Let’s start by just entering all of the values we were given. I am going to try to use the same notations where I can so that we can copy as much code as possible.

```
# Professor A's info
meanA <- 75
sdA <- 10
nA <- 30
# Professor B's info
meanB <- 70
sdB <- 6
nB <- 35
```

Then, let’s get our point estimate, just to orient ourselves.

```
# Calculate difference
diffMean <- meanA - meanB
diffMean
```

`## [1] 5`

Next, let’s calculate our SE. Copy the equation from above, and substitute in our known values where appropriate.

```
# Calculate SE
diffSE <- sqrt( sdA ^ 2 / nA +
sdB ^ 2 / nB )
diffSE
```

`## [1] 2.088517`

Now, in one shot, we can calculate our degrees of freedom and t* values for the 90% CI.

```
# Calculate degrees of freedom
myDF <- min(nA, nB) - 1
# Calculate t*
qt(c(0.05,0.95), df = myDF)
```

`## [1] -1.699127 1.699127`

So, we need to include values that are within 1.699 SE of our point estimate.
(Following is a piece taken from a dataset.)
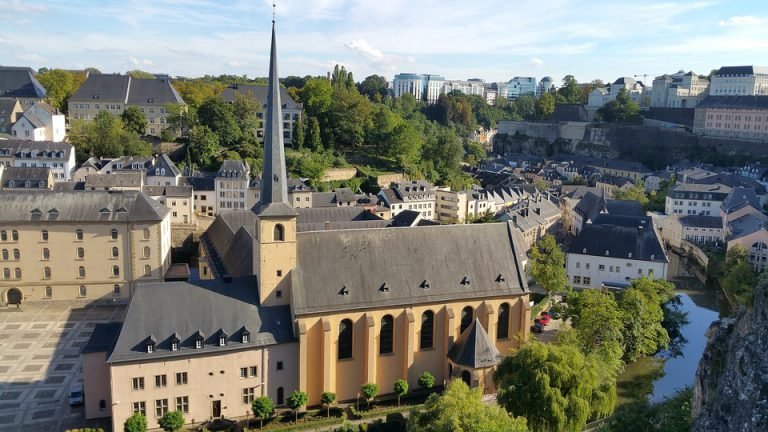Descubre la belleza de la iglesia de San Miguel en Luxemburgo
So, we multiply by our calculated SE to get the ME then add and subtract from the point estimate to get a CI.

```
# Calculate ME
myME <- qt(c(0.05,0.95), df = myDF) * diffSE
# Display just the positive value
myME[2]
```

`## [1] 3.548656`

```
# Add and subtract (use pos and neg) to get CI
diffMean + myME
```

`## [1] 1.451344 8.548656`

So, we are 90% confident that the true difference between the mean evaluations of Professor A and B is between 1.45 and 8.55 with the positive diffence indicating that Professor A gets better evaluations.

Imagine that you sampled the mean temperature of a number of home-brewed cups of coffee and a number of cups bought at Starbucks. Given the data below, calculate a 99% confidence interval for the true difference in temperature.

Starbucks | Home | |
---|---|---|

mean | 180 | 175 |

sd | 2 | 3 |

n | 8 | 10 |

You should get a confidence interval of 0.859 and 9.141 degrees.